[Dataset Boundary: Start]
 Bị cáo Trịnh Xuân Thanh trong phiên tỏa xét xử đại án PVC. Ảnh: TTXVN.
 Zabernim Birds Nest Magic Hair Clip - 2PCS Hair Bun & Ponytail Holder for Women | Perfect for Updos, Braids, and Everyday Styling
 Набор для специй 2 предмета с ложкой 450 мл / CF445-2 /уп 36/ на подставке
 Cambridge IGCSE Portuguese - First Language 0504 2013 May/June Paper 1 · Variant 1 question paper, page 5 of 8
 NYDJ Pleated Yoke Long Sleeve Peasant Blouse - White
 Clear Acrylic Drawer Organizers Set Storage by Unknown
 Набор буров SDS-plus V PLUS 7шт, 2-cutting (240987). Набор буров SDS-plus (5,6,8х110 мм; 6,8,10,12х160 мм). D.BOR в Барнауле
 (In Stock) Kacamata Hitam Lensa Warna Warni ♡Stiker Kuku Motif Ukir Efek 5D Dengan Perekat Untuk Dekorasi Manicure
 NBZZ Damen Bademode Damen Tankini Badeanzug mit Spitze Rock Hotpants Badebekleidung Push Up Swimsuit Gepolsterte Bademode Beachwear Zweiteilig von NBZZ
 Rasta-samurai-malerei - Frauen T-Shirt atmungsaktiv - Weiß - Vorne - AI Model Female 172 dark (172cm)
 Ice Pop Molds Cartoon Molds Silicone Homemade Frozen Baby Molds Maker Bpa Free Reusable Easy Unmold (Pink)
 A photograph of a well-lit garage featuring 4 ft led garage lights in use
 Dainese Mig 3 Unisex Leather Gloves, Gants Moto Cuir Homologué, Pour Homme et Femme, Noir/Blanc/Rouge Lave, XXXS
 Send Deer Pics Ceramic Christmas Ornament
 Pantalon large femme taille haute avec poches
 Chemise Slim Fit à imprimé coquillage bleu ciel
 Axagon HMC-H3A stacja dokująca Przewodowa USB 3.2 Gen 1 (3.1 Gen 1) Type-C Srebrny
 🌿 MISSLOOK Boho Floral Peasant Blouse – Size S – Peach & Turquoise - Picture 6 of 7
[Dataset Boundary: End]
-- What is expected --
The line containing "Clear Acrylic Drawer" begins the span, and the last line of the records above ends it. Return that span exactly, and nothing outside it.

-- Solution --
 Clear Acrylic Drawer Organizers Set Storage by Unknown
 Набор буров SDS-plus V PLUS 7шт, 2-cutting (240987). Набор буров SDS-plus (5,6,8х110 мм; 6,8,10,12х160 мм). D.BOR в Барнауле
 (In Stock) Kacamata Hitam Lensa Warna Warni ♡Stiker Kuku Motif Ukir Efek 5D Dengan Perekat Untuk Dekorasi Manicure
 NBZZ Damen Bademode Damen Tankini Badeanzug mit Spitze Rock Hotpants Badebekleidung Push Up Swimsuit Gepolsterte Bademode Beachwear Zweiteilig von NBZZ
 Rasta-samurai-malerei - Frauen T-Shirt atmungsaktiv - Weiß - Vorne - AI Model Female 172 dark (172cm)
 Ice Pop Molds Cartoon Molds Silicone Homemade Frozen Baby Molds Maker Bpa Free Reusable Easy Unmold (Pink)
 A photograph of a well-lit garage featuring 4 ft led garage lights in use
 Dainese Mig 3 Unisex Leather Gloves, Gants Moto Cuir Homologué, Pour Homme et Femme, Noir/Blanc/Rouge Lave, XXXS
 Send Deer Pics Ceramic Christmas Ornament
 Pantalon large femme taille haute avec poches
 Chemise Slim Fit à imprimé coquillage bleu ciel
 Axagon HMC-H3A stacja dokująca Przewodowa USB 3.2 Gen 1 (3.1 Gen 1) Type-C Srebrny
 🌿 MISSLOOK Boho Floral Peasant Blouse – Size S – Peach & Turquoise - Picture 6 of 7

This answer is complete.